Following the UK general election of 12 December 2019, which gave the Brexit-backing Conservative Party a parliamentary majority of 80, the UK’s House of Commons voted on 9 January 2020 to support a bill to adopt UK Prime Minister Boris Johnson’s Withdrawal Agreement (the “Bill”), which sets out the terms of the UK’s exit from the EU. The Bill has since been approved by the UK’s House of Lords and received royal assent on 23 January 2020 to become UK law.
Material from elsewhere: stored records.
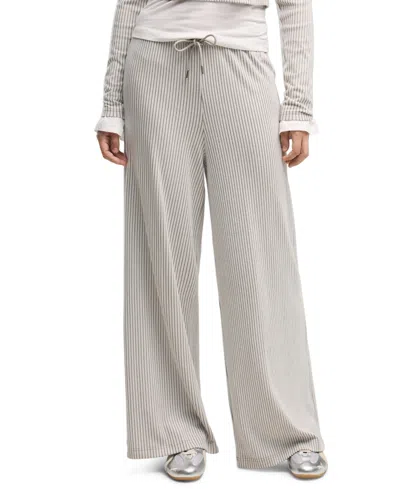Puma Women's Essentials Ribbed Wide-leg Pants In Mouse Gray Heather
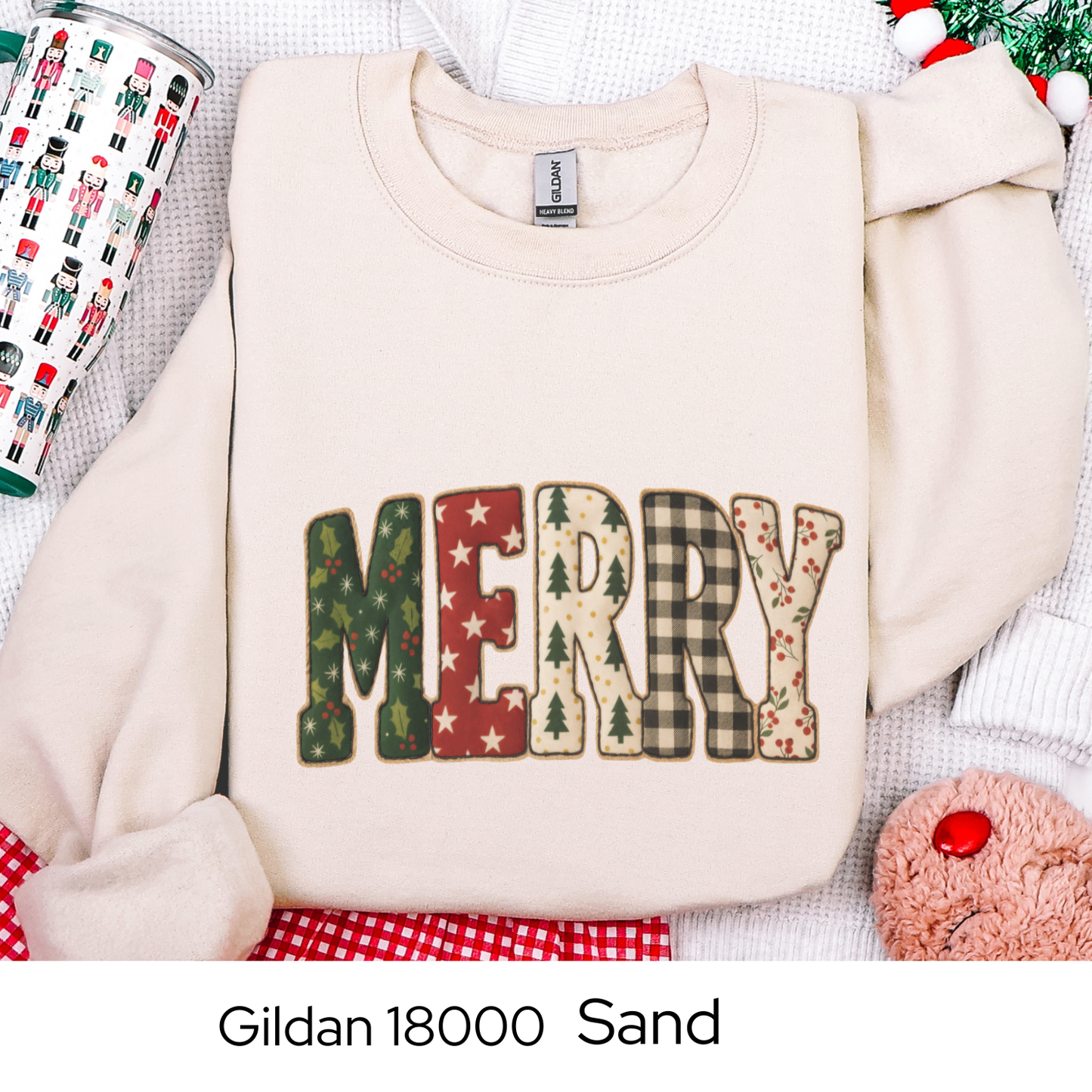 Merry Christmas Sweatshirt, Holiday Crewneck, Cozy Winter Outfit, Cute Patchwork Sweater, Christmas Gift for Her, Faux Quilted
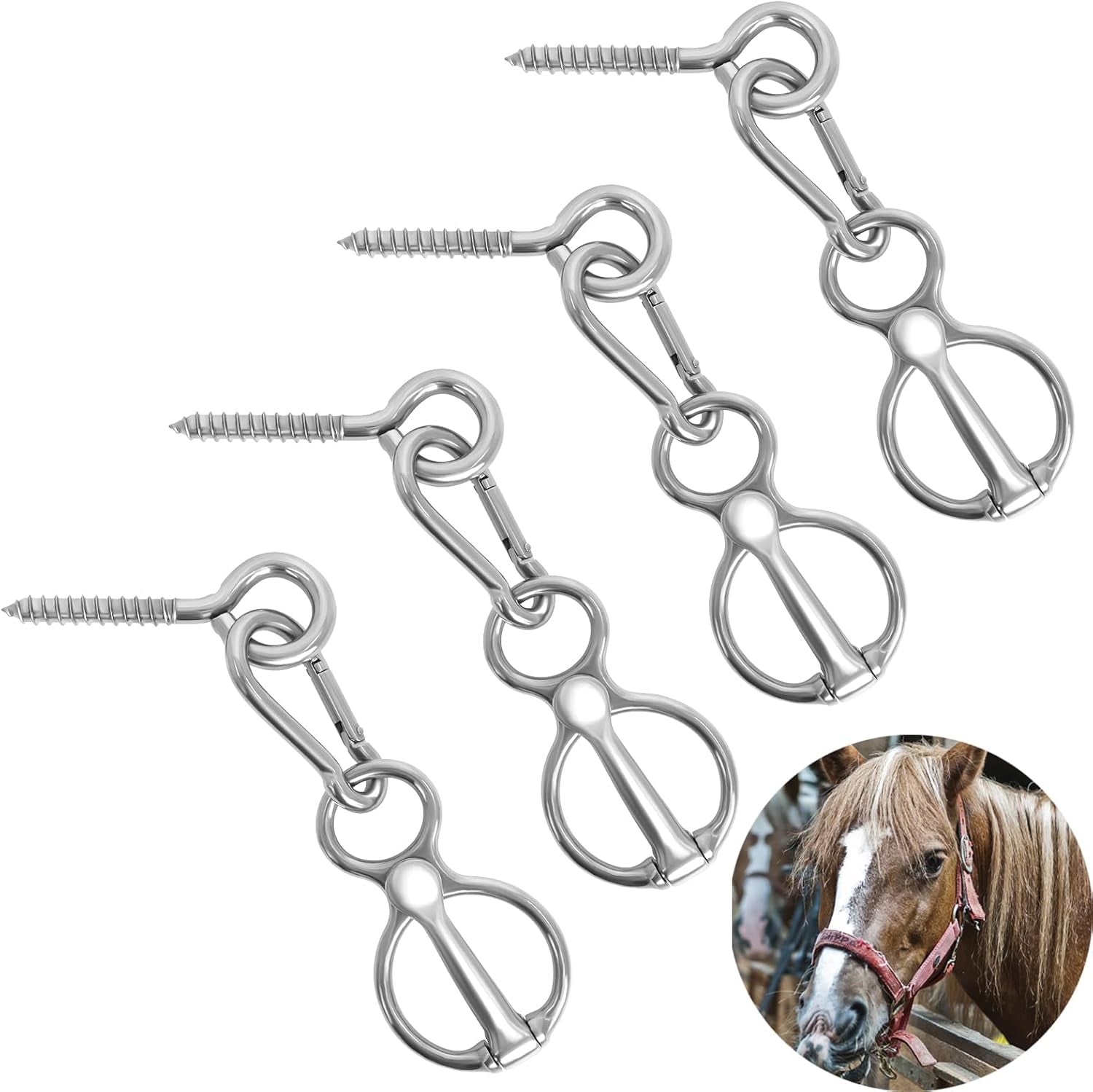 Horse Tie Ring, 4 Sets Horse Tack and Supplies, Stainless Steel Safe Horse Acces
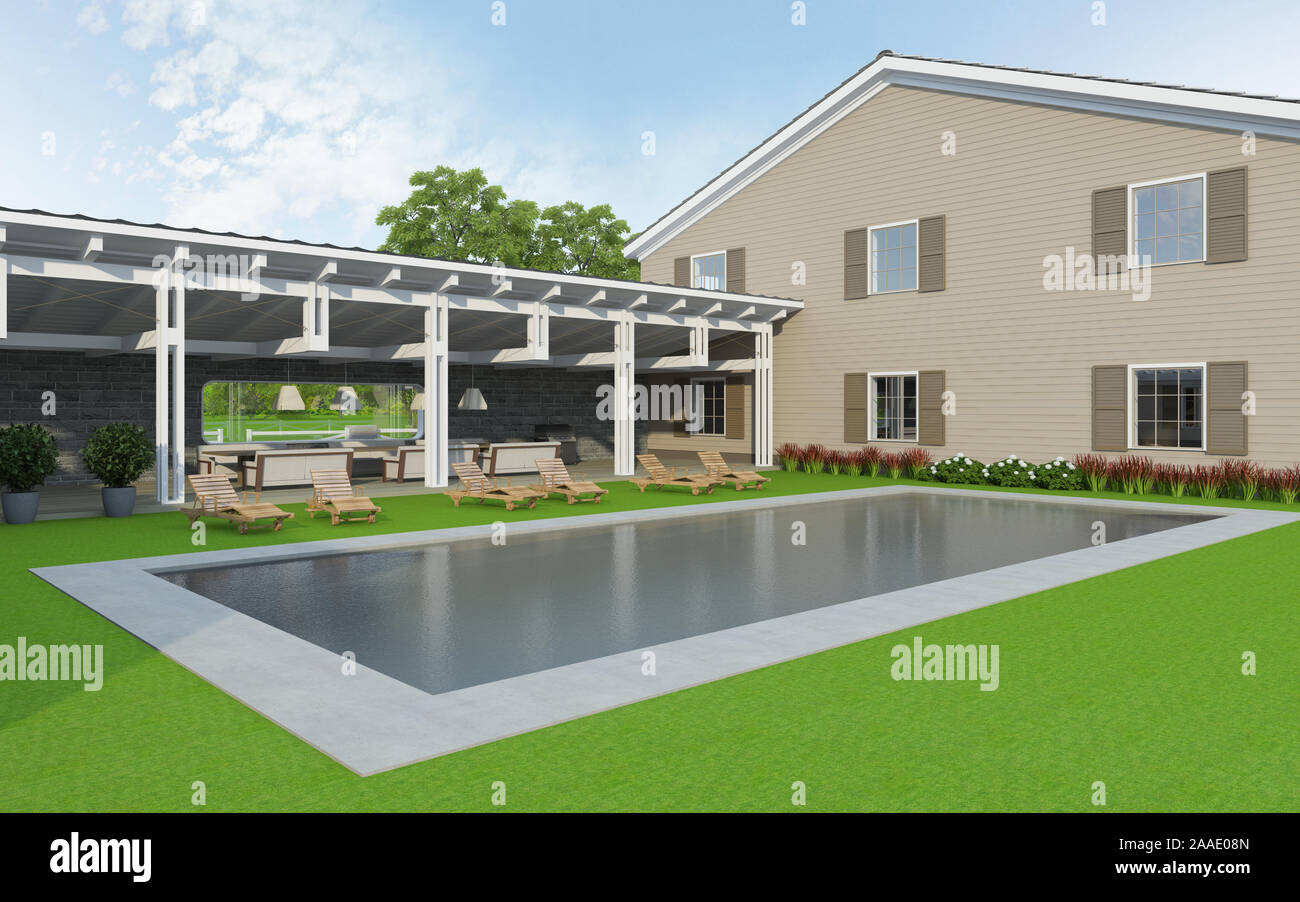 exterior swiming pool at the ranch Stock Photo - Alamy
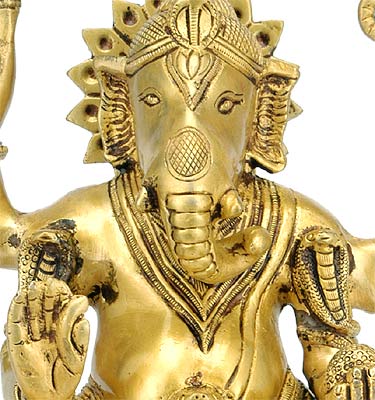 Chaturbhuj Lord Ganesha - Brass Statues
The key terms of the Withdrawal Agreement include:
- the departure of the whole of the UK from the EU customs union (a union between EU member states not to charge tariffs on goods/services coming from other EU member states, and to charge the same tariffs as each EU member state on goods/services coming from outside the EU), which will enable the UK to strike trade deals with non-EU countries in the future;
- the creation of a customs border between Northern Ireland (which stays as part of the UK) and the Republic of Ireland (which remains a member of the EU). In practice, goods will be checked at the “points of entry” from Great Britain into Northern Ireland, meaning that the customs border will serve to separate Great Britain and the isle of Ireland. The UK government maintains that there will be no corresponding checks on goods moving from Northern Ireland into Great Britain but this is to be agreed with the EU;
- the imposition of a transition period from Exit Day that will last until 31 December 2020 (the “Transition Period”) during which the UK will remain in the single market and the customs union, and will continue to follow all EU legislation; and
- a requirement for the UK to settle its financial obligations to the EU, which will include UK contributions to the EU budget until the end of the Transition Period. This amount has not been quantified in the Withdrawal Agreement but was estimated to be approximately £32.8bn by the UK’s Office for Budget Responsibility based upon the previously proposed Exit Day of 31 October 2019.
On 24 January 2020, the Withdrawal Agreement was signed by the heads of the European Commission and Council. The Withdrawal Agreement still needs to be ratified by the European Parliament before the UK leaves the EU. Members of the European Parliament are due to vote on the Withdrawal Agreement on 29 January 2020.
After Exit Day, the UK intends to agree a Canada-style trade agreement with the EU during the Transition Period. This would mean that the UK will no longer be a member of the single market and customs union, and will cease to remain aligned with EU legislation from 1 January 2021.
Finalising such a trade agreement before the end of 2020 will be challenging for both negotiating teams from the UK and the EU.